There is quite a bit of confusion online about NVIDIA’s Grace parts. These Arm Neoverse V2-based parts are a major part of NVIDIA’s push beyond accelerators into mainstream data center computing. One major myth we have heard is that the 72-core plus NVIDIA H100 Grace Hopper (GH200) and the 144-core NVIDIA Grace Superchip can be used in the same servers. The myth is that a server that accepts one accepts the other. They cannot because they are not compatible.
NVIDIA Grace Hopper GH200 and Grace Superchip Pictured and Incompatible
Here are the two parts side by side. On the left, we have the NVIDIA Grace Hopper GH200. This module has the H100 on the top spot and the 72-core Arm Neoverse V2 Grace chip on the bottom, flanked by memory packages. On the right, we see two of these NVIDIA Grace chips with twice as many memory packages. Immediately one may notice that the cutouts on the PCB edges are a bit different, but that is far from the only difference.
Looking at the bottom, we can see that the GH200 has LPDDR5X modules on the half of the board with the Grace Arm CPU. The Grace Superchip has sixteen LPDDR5X modules spanning the full module, eight for each Arm CPU onboard. That brings us to sixteen LPDDDR5X packages for each CPU when we add them to the packages on the front.
From the compatibility angle, we can see that the GH200 and the Grace Superchip have different connectors on the bottom. These connectors are used to connect the modules to their host boards. The impact of this is significant, but it makes sense. There is a different amount of I/O and power requirements for the two parts, so we would expect there to bem at minimum, signaling differences. NVIDIA’s approach is not to make these parts swappable, where one can use the same base PCB and have either the GH200 or Grace Superchip. Instead, the base carrier board and the NVIDIA module must be matched.

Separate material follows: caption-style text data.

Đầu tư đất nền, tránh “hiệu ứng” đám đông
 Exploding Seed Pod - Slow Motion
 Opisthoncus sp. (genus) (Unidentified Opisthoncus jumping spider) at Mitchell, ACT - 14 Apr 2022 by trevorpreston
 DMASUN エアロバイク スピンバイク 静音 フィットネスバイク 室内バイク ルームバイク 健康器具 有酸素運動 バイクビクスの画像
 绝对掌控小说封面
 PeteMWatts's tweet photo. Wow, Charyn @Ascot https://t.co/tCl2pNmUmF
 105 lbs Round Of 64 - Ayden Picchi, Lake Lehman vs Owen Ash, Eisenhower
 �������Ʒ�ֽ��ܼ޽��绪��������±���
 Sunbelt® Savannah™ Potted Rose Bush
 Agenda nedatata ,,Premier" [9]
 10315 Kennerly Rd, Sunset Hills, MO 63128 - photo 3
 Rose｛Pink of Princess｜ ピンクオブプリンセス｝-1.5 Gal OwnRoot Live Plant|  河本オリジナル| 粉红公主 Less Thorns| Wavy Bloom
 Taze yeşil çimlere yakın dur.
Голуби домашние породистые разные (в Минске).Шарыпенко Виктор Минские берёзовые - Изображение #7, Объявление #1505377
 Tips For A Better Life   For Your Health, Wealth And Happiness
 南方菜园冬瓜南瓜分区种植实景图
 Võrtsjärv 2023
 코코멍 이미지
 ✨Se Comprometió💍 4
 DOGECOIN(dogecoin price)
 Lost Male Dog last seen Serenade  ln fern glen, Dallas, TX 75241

There are many in the industry who saw similarly sized modules, both having at least one 72-core Grace CPU, and thought that the same server could be used by just swapping the two types of modules. Hopefully, these photos illustrate why that is not the case since the connectors between the NVIDIA modules and the carrier boards are different.
To us, the more perplexing part is why NVIDIA does not sell a standardized half-width carrier board with each of these with MCIO connectivity for the PCIe lanes and standard power inputs. We have seen a number of NVIDIA MGX designs already and many are very similar. MGX has the effect of minimizing the importance of OEMs in many cases, so it seems strange that NVIDIA does not sell the entire assembly as it does with Delta-Next and Redstone-Next platforms.